As the official story goes, the FAA traced a likely source of the explosive residue to training exercise at the St. Louis airport on June 10, 1996. Given the almost random state of documentation for these exercises nationwide, this had to have been a laborious task.
On Sept. 20, 1996, the FBI found its way to the officer who oversaw the exercise. As it happens, this is the same date that stories about the dog-training exercise began to appear in the media. In other words, the Feds were leaking this particular story even before anyone had talked to the officer in question – compelling evidence the FBI was committed to pulling the media off the explosive residue story regardless of the facts. They already knew the truth. Now they had to create the lie.
According to the FBI, airport management told the officer that a "wide body" was available for training at Gate 50 that day. The officer then withdrew some exercise "aids" from departmental supplies and drove to Gate 50. Once there, he walked up the exterior jetway staircase and boarded the plane. This information is documented in a letter from Assistant Director in Charge James K. Kallstrom to Rep. James A. Traficant, dated Sept. 5, 1997.
According to the FBI, the officer "made no notations regarding the tail number of the aircraft, as it was not his policy to do so." As the officer told us, he made no notation of the gate either. He did tell us, however, that he listed specific start and stop times on the training form.
The officer told us and the FBI that he saw no TWA crew, cleaners, caterers or passengers when he boarded at 10:45 a.m. nor at any time when he was on board the 747.
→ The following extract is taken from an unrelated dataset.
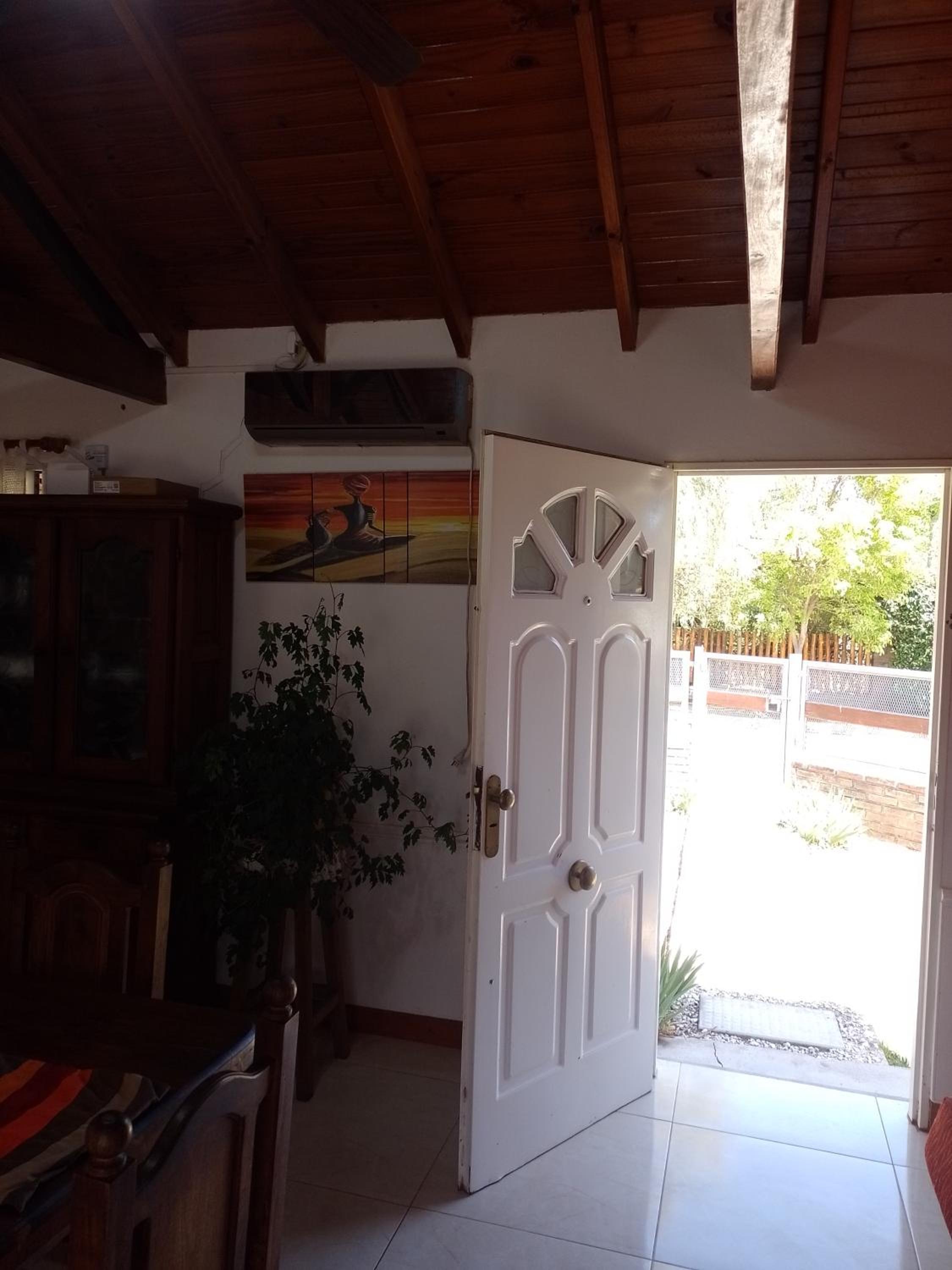 Divina Providencia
According to the FBI account, the officer concealed the training aids in specific places throughout the passenger cabin in a "zig-zag" pattern. The officer then returned to his car to retrieve the dog and reentered the plane with the dog at 11:45 a.m. According to the FBI, "the exercise lasted 15 minutes, and the dog located all the explosives." The officer then climbed back down the jetway with the dog, secured the dog in his car and climbed back up to retrieve the training aids from various locations throughout this large aircraft. He placed each aid on the galley counter before carting them all back out. The officer estimated that this activity took 15 minutes.
Based on the scenario developed by the FBI, the officer could not have left the plane earlier than 12:15 p.m. Given the time spent climbing up and down the jetway, a 12:20 or 12:25 p.m. exit is more likely. During this time, the officer saw no one else on board the plane. He did not expect to. He carried out these daily exercises in as "sterile" environment as possible – that is, without anyone present.
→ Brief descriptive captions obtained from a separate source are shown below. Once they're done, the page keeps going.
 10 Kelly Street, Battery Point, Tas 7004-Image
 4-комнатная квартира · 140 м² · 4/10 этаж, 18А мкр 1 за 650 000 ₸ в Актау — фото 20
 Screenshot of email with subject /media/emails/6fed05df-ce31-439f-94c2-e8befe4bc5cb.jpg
Existing records play serious havoc with the FBI scenario. They show that Capt. Vance Weir of Fallbrook, Calif., piloted TWA No. 17119 – the plane that would become Flight 800 – from St. Louis to Hawaii that day and Thomas D. Sheary of Seminole, Fla., was first officer. Weir's "Pilot Activity Sheet" from June 10, 1996, adds important detail. It indicates that on this day and on this plane he flew out of St. Louis for Honolulu at 12:35 p.m. Please note the time of departure.
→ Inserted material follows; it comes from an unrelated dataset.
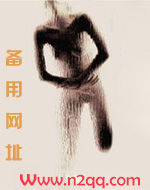 请你吃黄瓜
Federal officials were aware of this time as well. The letter from Kallstrom to Traficant referenced above makes this clear:
The FAA in St. Louis provided the FBI with a copy of a TWA document listing gate assignments for June 10, 1996. This document, a copy of which is attached, shows that a 747 bearing TWA # 17119, which is the number for the 747 that was Flight 800, was parked at Gate 50 from shortly before 700 hours (7 AM) until approximately 1230 hours (12:30 PM) on that date.
In other words, the plane that would become Flight 800 left the gate between 12:30 and 12:35 p.m. The police officer, however, did not leave the plane until 12:15 p.m. at the earliest and saw no one. To clean the plane, stock it, check out the mechanics and board several hundred passengers would take more than the 15-minute window of opportunity the FBI's own timetable presents.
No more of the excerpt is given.